Wow it almost looks 3D..love it !!!


----------



## ao (Feb 29, 2012)

just make a eyes a bit bigger and it will be perfect


----------



## ZergyMonster (Feb 20, 2012)

I had the eye bigger but then I erased it and moved it, and it managed to get smaller and I didn't try to fix it. I just need to trust my gut, I keep altering things thinking they're wrong only for them to be right in the end.


----------



## ao (Feb 29, 2012)

it happens to all of us XD it helps to take a break and then come back to it.


----------



## ZergyMonster (Feb 20, 2012)

I drew another. I like it better but I still messed up the eye.


----------



## Destinystar (May 26, 2012)

Beautiful !


----------



## lauraannq (Oct 11, 2012)

wow!


----------



## rubinthebetta (Oct 9, 2012)

You really have a talent! I like the idea of a tablet for drawing since I'm bad at drawing with a mouse (with the exception of cartoons) but don't know how I'd find one....


----------



## ZergyMonster (Feb 20, 2012)

I got mine for Christmas a few years back. The bamboo™ tablet is a good starter tablet because it doesn't come with bells and whistles but it does its job well.

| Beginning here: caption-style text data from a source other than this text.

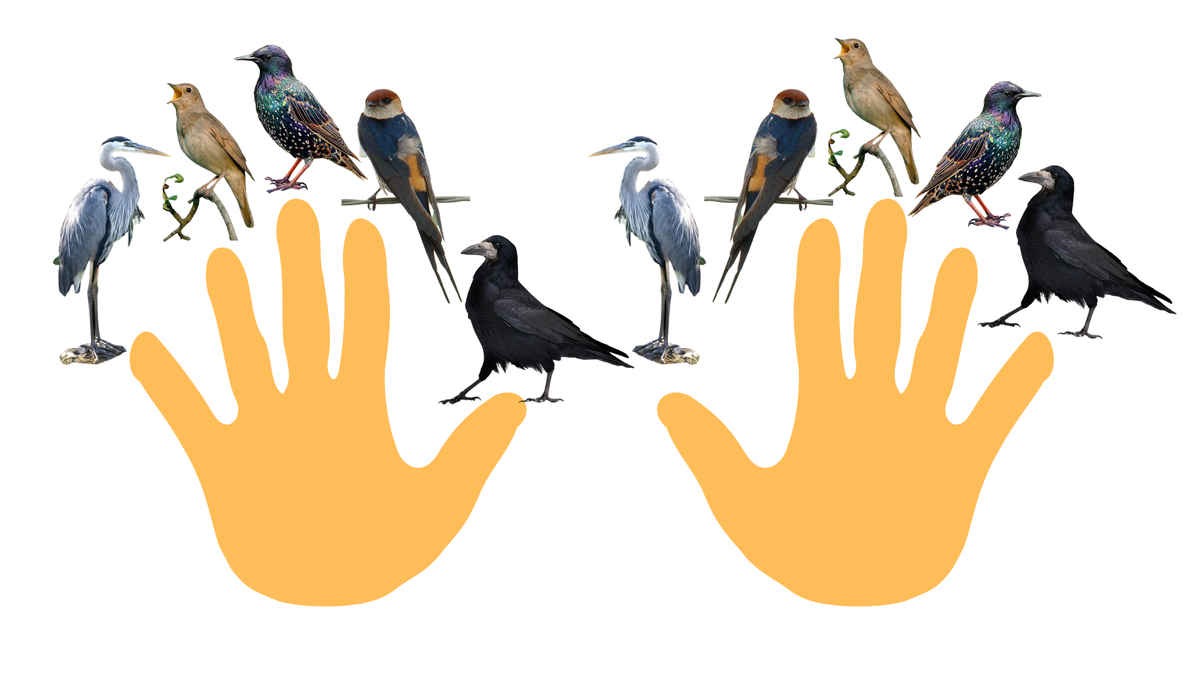 Перелëтные птицы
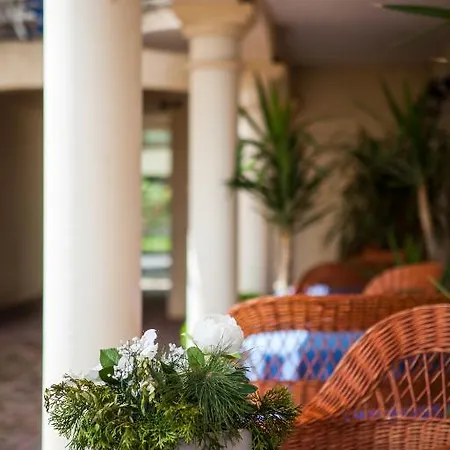 维拉梅蒂特兰酒店 Hévíz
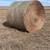 Round bales 1 thumbnail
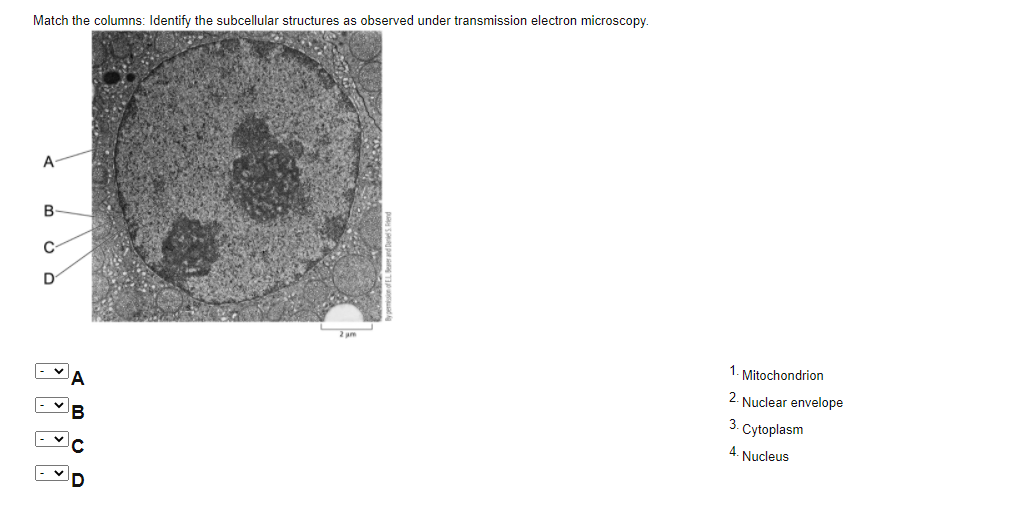 Solved Match The Columns: Identify The Subcellular | Chegg.com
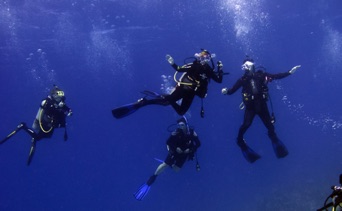 New Open Water Divers!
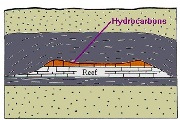 carbonate reef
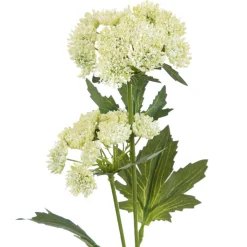 HOMLA Galazka Sztuczna Anise Anyz Zolta 48 Cm Sale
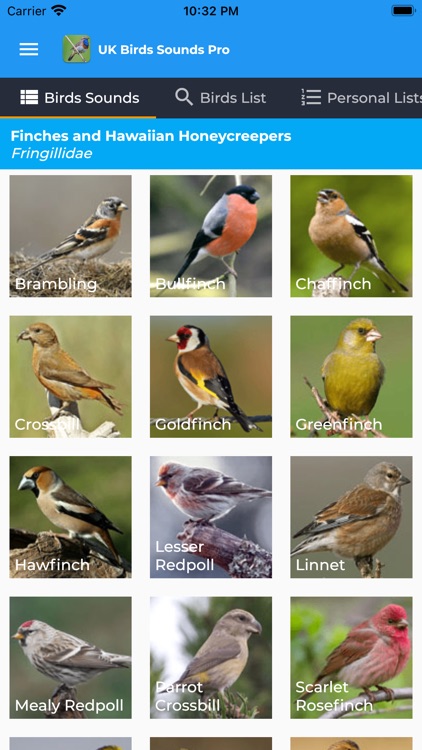 UK Birds Sounds Pro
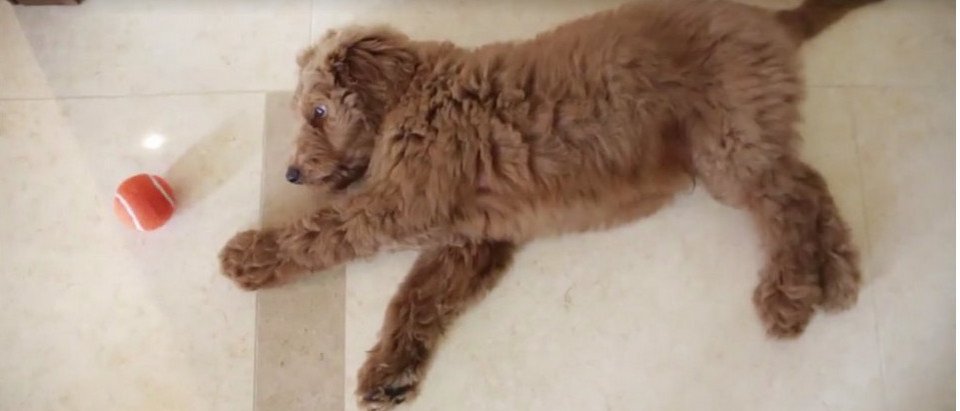 Patton, αυτό το σκυλάκι θα πάρει ο Τραμπ -Ο «Πρώτος Σκύλος» [εικόνες] | iefimerida.gr 1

I'm sure you can find one on their main site www.wacom.com or find one on amazon.


----------



## littlebetalover (Oct 17, 2012)

Nice, the orange one looks like my red/orange fish Moe.


----------



## ZergyMonster (Feb 20, 2012)

Not a drawing but a painting that I made up for my fiance's sister's birthday present.


----------



## aqua001 (Jan 13, 2012)

Wow!! I love the painting! You have true talent!


----------



## ZergyMonster (Feb 20, 2012)

I just realized that I forgot to paint a dorsal fin... I always forget something. Good thing it doesn't look wrong though.


----------